73 M.J. 536, 2013 WL 7143637, 2013 CCA LEXIS 1067
CourtArmy Court of Criminal Appeals
DecidedDecember 26, 2013
DocketARMY 20120492
StatusPublished

This text of 73 M.J. 536 (United States v. Private First Class SAMUEL A. MEIXUEIRO) is published on Counsel Stack Legal Research, covering Army Court of Criminal Appeals primary law. Counsel Stack provides free access to over 12 million legal documents including statutes, case law, regulations, and constitutions.

Bluebook
United States v. Private First Class SAMUEL A. MEIXUEIRO, 73 M.J. 536, 2013 WL 7143637, 2013 CCA LEXIS 1067 (acca 2013).

Opinion

OPINION OF THE COURT

CAMPANELLA, Judge:

A military judge sitting as a general court-martial convicted appellant, pursuant to his pleas, of one specification of attempted larceny, one specification of absence without leave, one specification of larceny, two specifications of making checks with the intent to defraud, and one specification of making and uttering worthless checks by dishonorably failing to maintain sufficient funds, in violation of Articles 80, 86, 121, 123a, and 134, Uniform Code of Military Justice, 10 U.S.C. §§ 880, 886, 921, 923a, 934 (2006) [hereinafter UCMJ]. The military judge sentenced appellant to a bad-conduct discharge, confinement for eighteen months, forfeiture of all pay and allowances, and reduction to the grade of E-1. Pursuant to a pretrial agreement, the convening authority approved only so much of the sentence as provided for a bad-conduct discharge, confinement for eleven months, forfeiture of all pay and allowances, and reduction to the grade of E-l. 1

This case is before this court for review pursuant to Article 66, UCMJ. Appellant raises three assignments of error. One assignment of error, which merits discussion, but no relief, asserts that the military judge abused his discretion by treating each insufficiently funded check charged under a “mega-specification” of Article 134, UCMJ, as separate offenses for purposes of calculating the maximum sentence. The remaining assignments of error and those matters personally raised by appellant pursuant to United States v. Grostefon, 12 M.J. 431 (C.M.A.1982) are without merit.

BACKGROUND

While stationed at Joint Base Lew is-McChord, appellant opened a checking account with America’s Credit Union (ACU) and established automatic deposit for his military paycheck to that account. He subsequently opened another bank account at the Armed Forces Bank (AFB) and re-directed his military pay to be automatically deposited into his AFB account instead. Despite depleting funds in his ACU account, appellant continued to write checks against it. From *538 13 September 2007 to 5 December 2007, appellant wrote forty-three personal checks against his ACU account, totaling $7,740.31. These cheeks were honored by ACU despite the zero balance in appellant’s account.

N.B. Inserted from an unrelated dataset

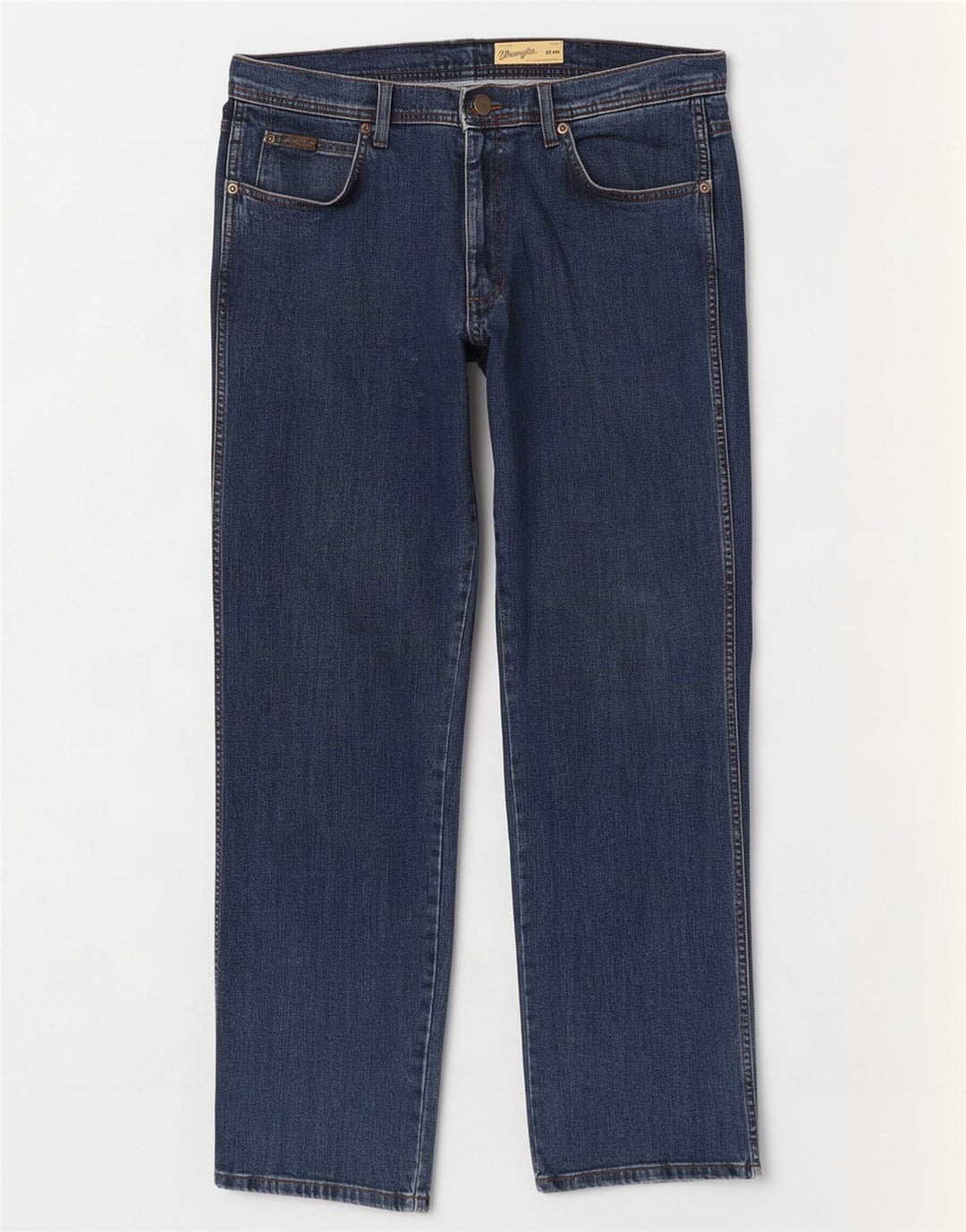 Wrangler Herre Utah Straight Jeans W38 L32 Blå Bomuld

During the providence inquiry and in the stipulation of fact, appellant admitted that he knew there was no money in the account to cover the forty-three checks he wrote against the ACU account. Appellant further admitted his ACU debit card stopped working before 13 September 2007 because there was no money in his ACU checking account, and he received at least sixteen overdraft notices from ACU prior to 14 November 2007. He also admitted he wrote checks against the depleted account because, he wanted money to support his gambling habit.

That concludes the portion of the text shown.